Thanks. (1) Does your "First we get back to ... get the desired p≈k(k−1)/2N" justify (k(k−1))/(2N) as a reasonable approximation? (2) Does "This hand-waving argument does not yield a mathematically exact derivation of p=k(k−1)/2N, since the events are not disjoint. As long as p is small, we can get away with it, but that gets grossly wrong when k>sqrt(2N). When k=sqrt(N), this chance is close to 50%. That's true if 39.3% is close to 50%" mean that k(k−1)/2N is a bad approximation? (3) if you don't mean contradiction in (1) (2), could you explain, edit, or paraphrase what you actually mean?

fgrieu

7/20/23, 2:01 PM

(1) More precisely, it implies $k(k−1)/(2N)$ is a valid approximation _for $k$ or $p$ lower than some threshold._ (2) It means that $k(k−1)/(2N)$ is poorly justified by the argument given, comes without a statement of when it applies, and is a terrible approximation for $k$ above some thresold. As explained, it's already significantly off (by +24%) when applied to $k=\sqrt N$ and $N$ of cryptographic interest. (3) There's no contradiction.

Elon Musk

I sit in a Tesla and translated this thread with Ai:

EN: Are these both the probability of collision in birthday attack?

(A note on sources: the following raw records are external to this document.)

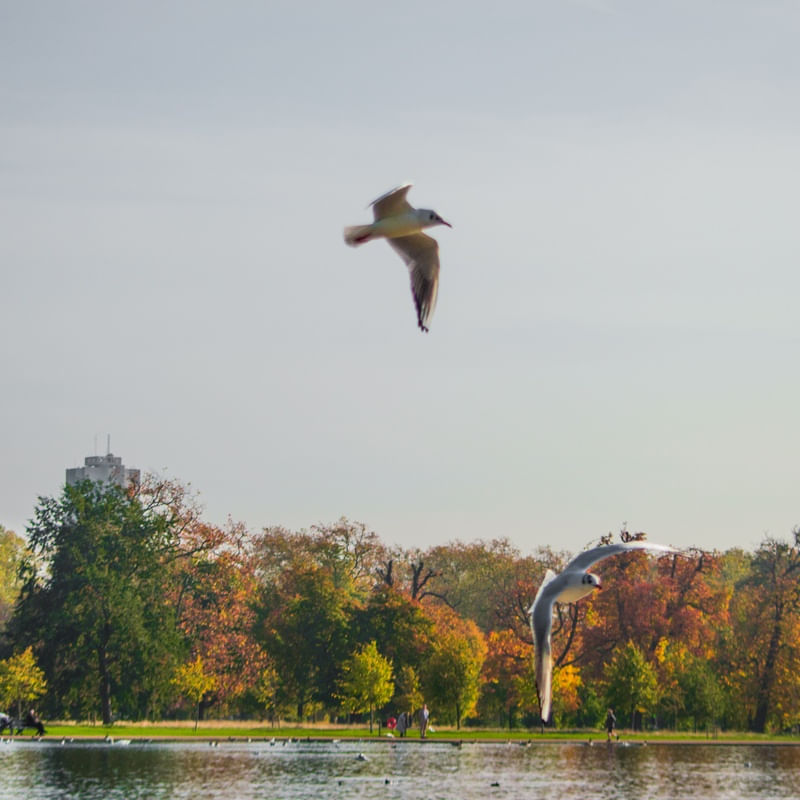 FLYING IN THE LAKE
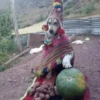 Más Animalitos!  🙊🐕 6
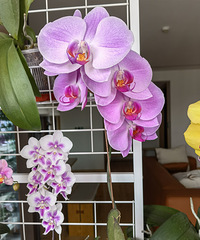 ��������������ֳ��Ȥ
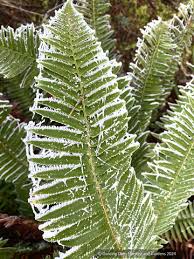 Image result for Polystichum transvaalense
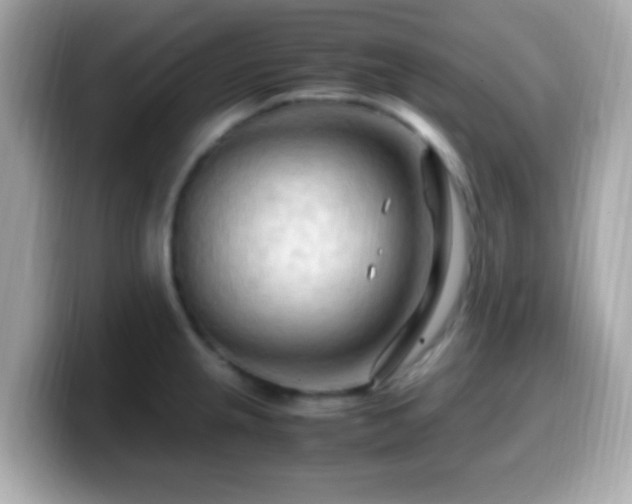 X0000099981237200805231418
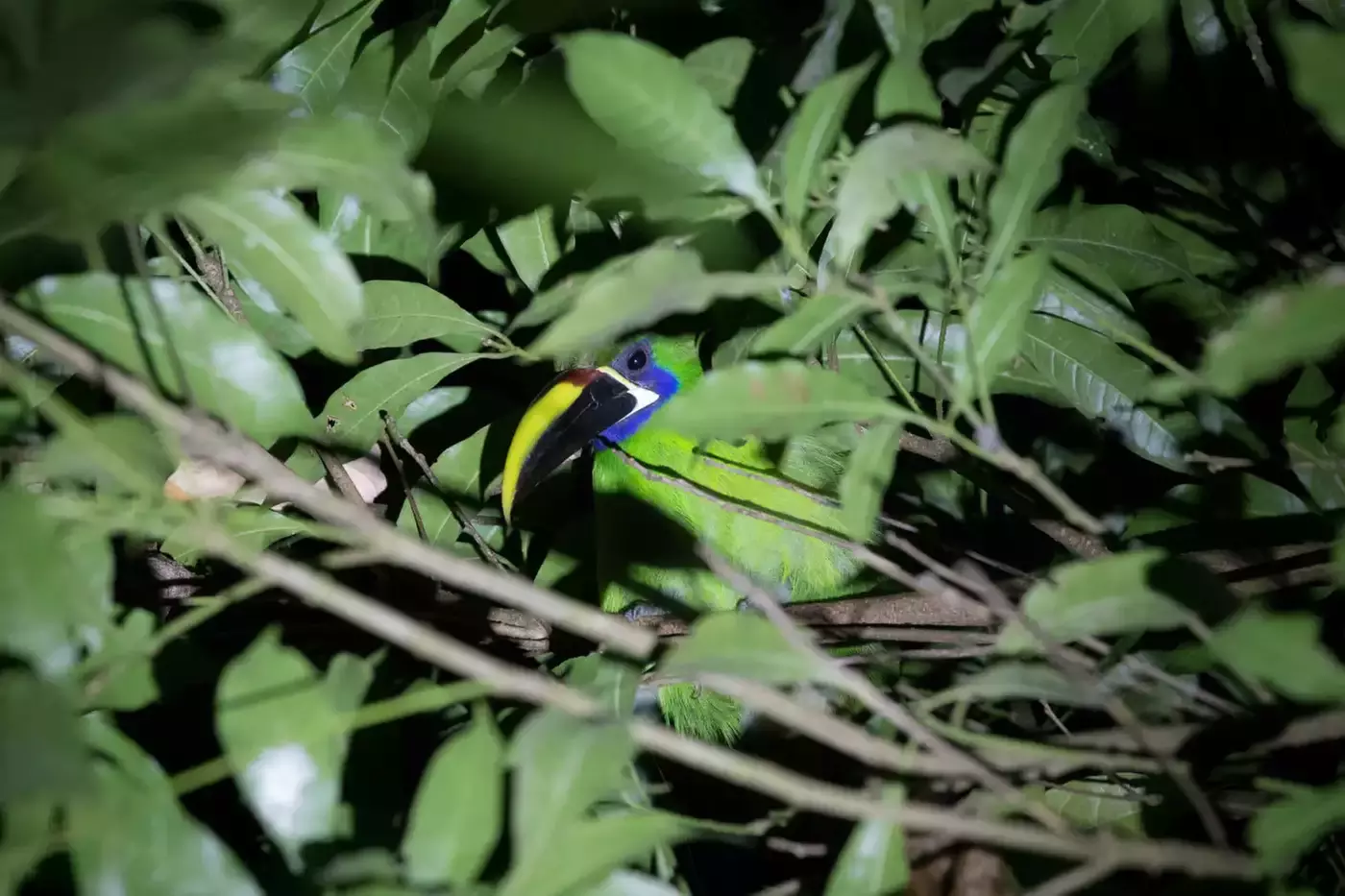 ✈ 8-Day Tour of Costa Rica with Air from Great Value Vacations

TH: ทั้งสองอย่างนี้น่าจะเป็นการปะทะกันในการโจมตีวันเกิดหรือไม่?

RO: Acestea sunt ambele probabilitatea de coliziune în atacul de ziua de naștere?

RU: Являются ли они оба вероятностью столкновения в атаке дня рождения?

VI: Đây có phải là cả hai xác suất va chạm trong cuộc tấn công sinh nhật?

Post an answer

Most people don’t grasp that asking a lot of questions unlocks learning and improves interpersonal bonding. In Alison’s studies, for example, though people could accurately recall how many questions had been asked in their conversations, they didn’t intuit the link between questions and liking. Across four studies, in which participants were engaged in conversations themselves or read transcripts of others’ conversations, people tended not to realize that question asking would influence—or had influenced—the level of amity between the conversationalists.